The incarceration of Haleh Esfandiari, director of the Middle East program at the Woodrow Wilson International Center for Scholars and a great Persianist, in the really Lubyanka-like prison of Evin in Tehran has not attracted much attention. And, to be frank, the ayatollahs will not easily be moved. They know that the pleas of people like Juan Cole, who did not become a professor at Yale, and Zachary Lockman, a schutzjude who was permitted to become head of the Middle Studies Association, are circumscribed by the fact that these academics are really fans of the regime...or at least fans of how the regime is cornering the U.S. and threatening Israel.
In a strangely titled commentary about this case, “They got the wrong woman,” (published, among other places, in Middle East Times) Martin Walker, editor emeritus of UPI, has evoked something of the spirit of modern Iran under fanatic Islamic rule and something of the scholarly and ironic spirit of this detained exile.

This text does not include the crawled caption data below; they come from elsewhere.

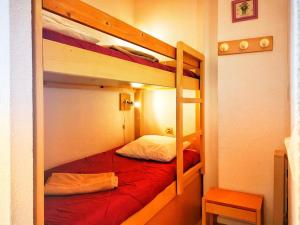 Le Lavandou: Studio 4 pers. vue mer, parking, clim - FR-1-803-92
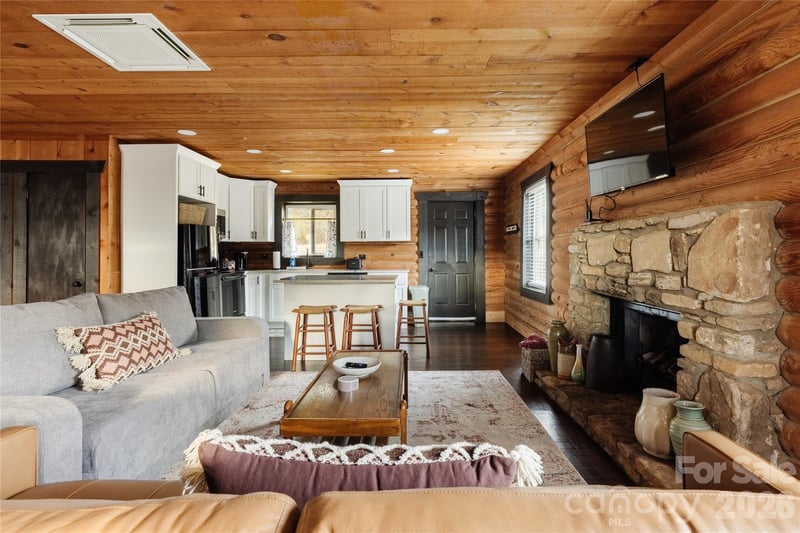 112 Bills Creek Rd, Lake Lure, NC 28746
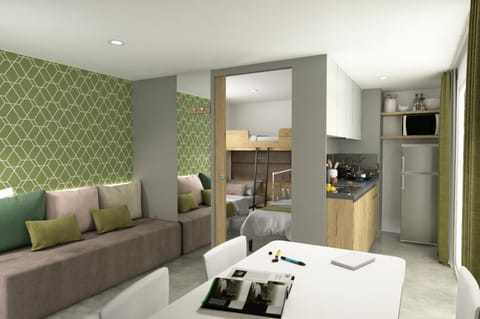Coffee/tea facilities, Kitchen or kitchenette, Living room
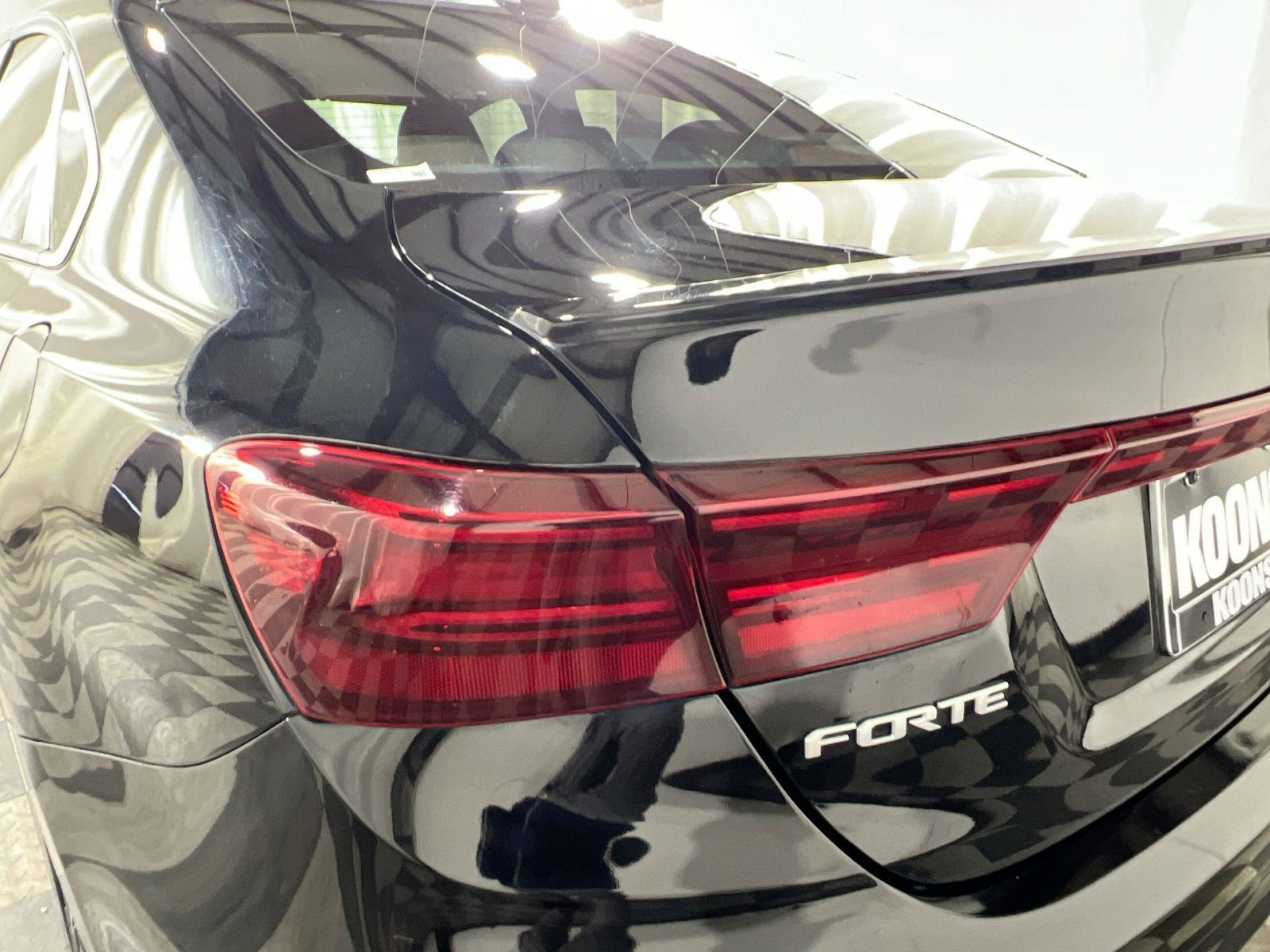 Used 2022 Kia Forte GT-Line w/ GT-Line Technology Package image 16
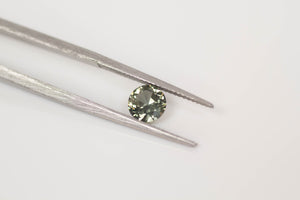 5.6mm 0.89 carat Round-Cut Sapphire
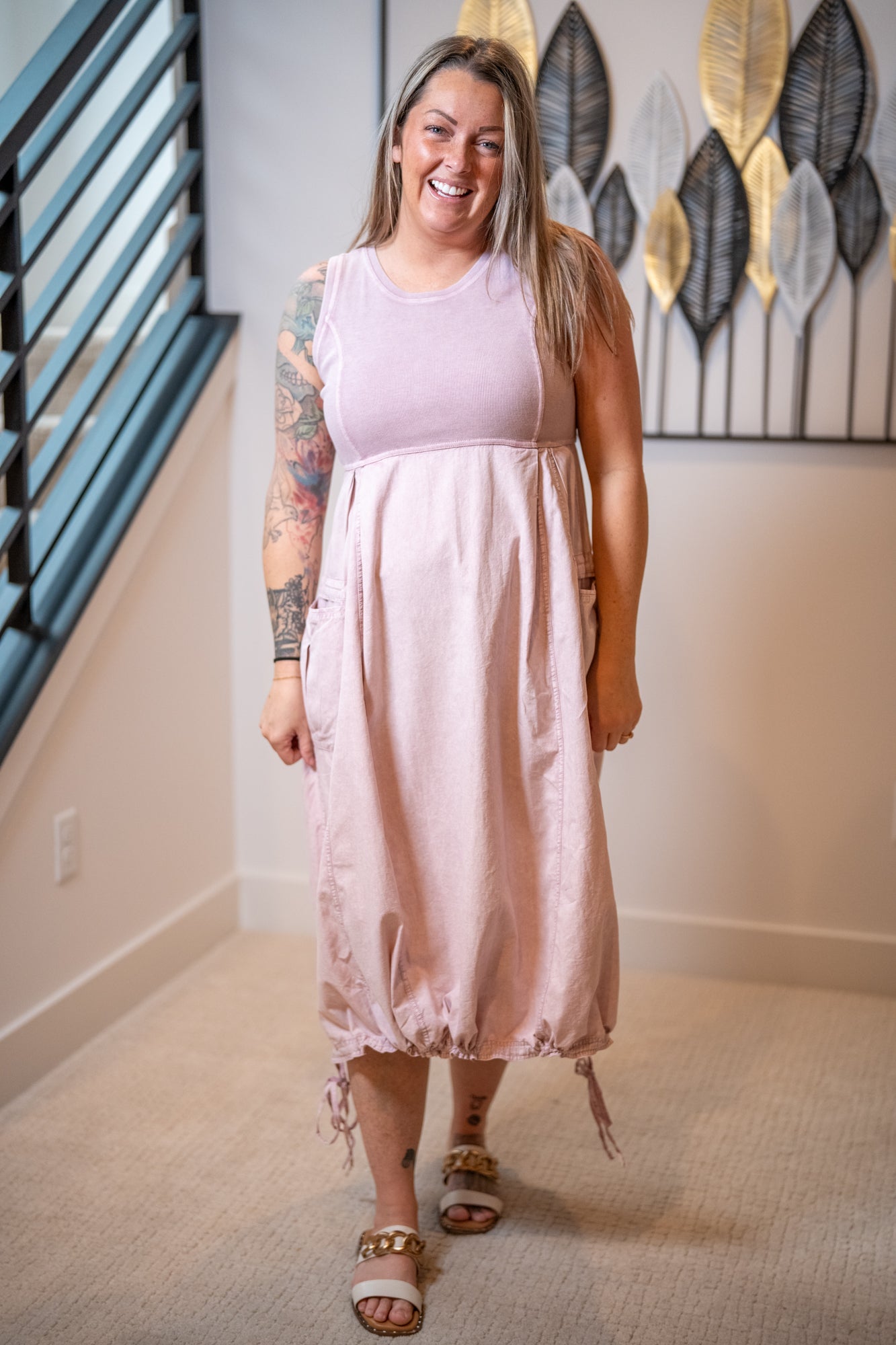 Sleeveless Easel mauve cargo maxi dress with relaxed fit and drawstring hem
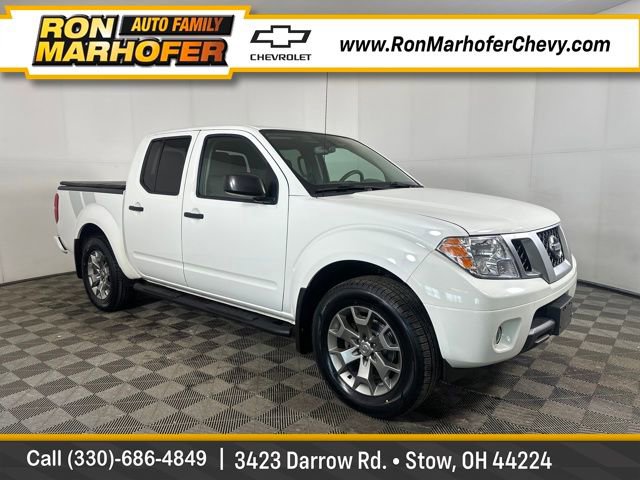 Used 2020 Nissan Frontier SV image 1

He also makes a telling point about Lee Hamilton, and how this arrest makes hash of his view of the world. Walker writes:
Ironically, the director of the Wilson Center is former congressman Lee Hamilton, an ex-chairman of the House International Relations Committee and the co-author of last year’s Baker-Hamilton report that proposed that the way to help extricate the United States from its difficulties in Iraq would be to open a dialogue with Iraq’s neighbors, like Iran. This reporter has no doubt that Hamilton’s views on the need to open a dialogue with Tehran were strongly shaped by our mutual colleague, Haleh.
Her continued detention is an outrage against scholarship, an outrage against human decency, and an affront to the great tradition of Persian civilization that Haleh so proudly and profoundly represents.
Like all my colleagues at the Woodrow Wilson International Center for Scholars, I hope to see this splendid woman again, very soon.